Nicht verwandt und auch nicht wappengleich sind die Tierberg auf der Burg Tierberg, die in der hohenlohischen Gemeinde Braunsbach sesshaft waren.
Geschichte
[Bearbeiten | Quelltext bearbeiten]Viele gleichlautende Vornamen erschweren die Erstellung einer verlässlichen Genealogie. Noch im Jahre 1884 war beispielsweise für Kaufmann, Stricker und Landwirt Conrad Maier die Adresse: „Conrad Maier zum Ochsen“ oder abgekürzt „Comazo“. Früher war es in der hiesigen Gegend üblich, die nächstgelegene Burg oder einen Gasthof als Namenszusatz zu führen. Mit diesem vielversprechenden Ansatz können die Personen besser zugeordnet werden. Zu beachten ist, dass bei einem Umzug der Namenszusatz wechselt. Die Bewohner auf der Wildentierberg nannten sich ab 1313 Herren von Tierberg von der Wildentierberg, worauf sich die auf der Stammburg verbleibende Linie Tierberg von der Altentierberg nannte. Diese Linie starb 1480 aus.
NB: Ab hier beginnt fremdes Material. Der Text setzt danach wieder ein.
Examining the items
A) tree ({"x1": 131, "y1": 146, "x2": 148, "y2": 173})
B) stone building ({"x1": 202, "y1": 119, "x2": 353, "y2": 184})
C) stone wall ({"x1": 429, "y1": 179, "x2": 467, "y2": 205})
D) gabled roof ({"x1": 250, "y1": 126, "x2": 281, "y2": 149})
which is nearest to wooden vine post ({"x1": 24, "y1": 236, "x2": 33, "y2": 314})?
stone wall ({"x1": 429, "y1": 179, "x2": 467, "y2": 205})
Erben auch der Linie Tierberg Haiterbach in Meßstetten wurden die von der Wildentierberg.[1]
von Tierberg ohne Namenszusätze
[Bearbeiten | Quelltext bearbeiten]Bartholomäus Pirzschelin berichtet im Urbar von Egesheim von 1551 über einen Propst Wolfrad von Tierberg (1252 bis 1278) im Kloster Beuron. Zwei Brüder des Propstes Wolfrad von Tierberg sind ebenfalls Konventuale und wirken in auswärtigen Pfarreien als Seelsorger. Dies waren Konrad von Tierberg, Pfarrer in Balingen, Rektor der Kirche in Gammertingen auf dem Berge, und Eberhard von Tierberg, Rektor der Kirche in Aggenhausen.[2] Arnold von Tierberg ist Besitzer des späteren Klosterhofes in Hossingen mit 37 Joch Ackerland und 10,5 Mannsmahd Wiesen. 1556 kommt es zu einem Rechtsstreit über die Abgaben des Hofes an die Klause. Erwähnung finden Hedwig von Tierberg 1331, Nonne im Kloster Wald, Nutzungsrechte mit Nonne Guta Bürstin (Burst, Purst) an einem Weinberg in Überlingen, Hans 1370 und 1375, Georg 1375 anlässlich von Grundstücksgeschäften in Lautlingen,[3] Brüder, Vater Konrad von Tierberg, Vetter Burkhart von Tierberg, Konrad 1372, Hans, Hofmeister des Grafen Rudolf von Hohenberg, 1377 und 1381 sowie Hans von Tierberg, Vogt in Haigerloch 1378 und 1379. Ein Burkard kauft von Werner von Zimmern 1382 Leibeigene in Lautlingen,[4] Burkard kaufte um 1382 den Kirchensatz in Ehingen (er lebte noch 1393), Anastasia, Gattin des Dietrich Herter von Dußlingen, überließ 1385 ihren Teil an der Veste Thierberg ihrer Schwester Anna, Gattin Konrads von Hoelnstein, Johann Ulrich (gefallen in Sempach), Burkard 1403, Junker Konrad 1430 und 1438, ein Konrad 1436 sowie Junker Hans von Tierberg 1442 in Zusammenhang mit Grundstücken in Hossingen und Tieringen[5]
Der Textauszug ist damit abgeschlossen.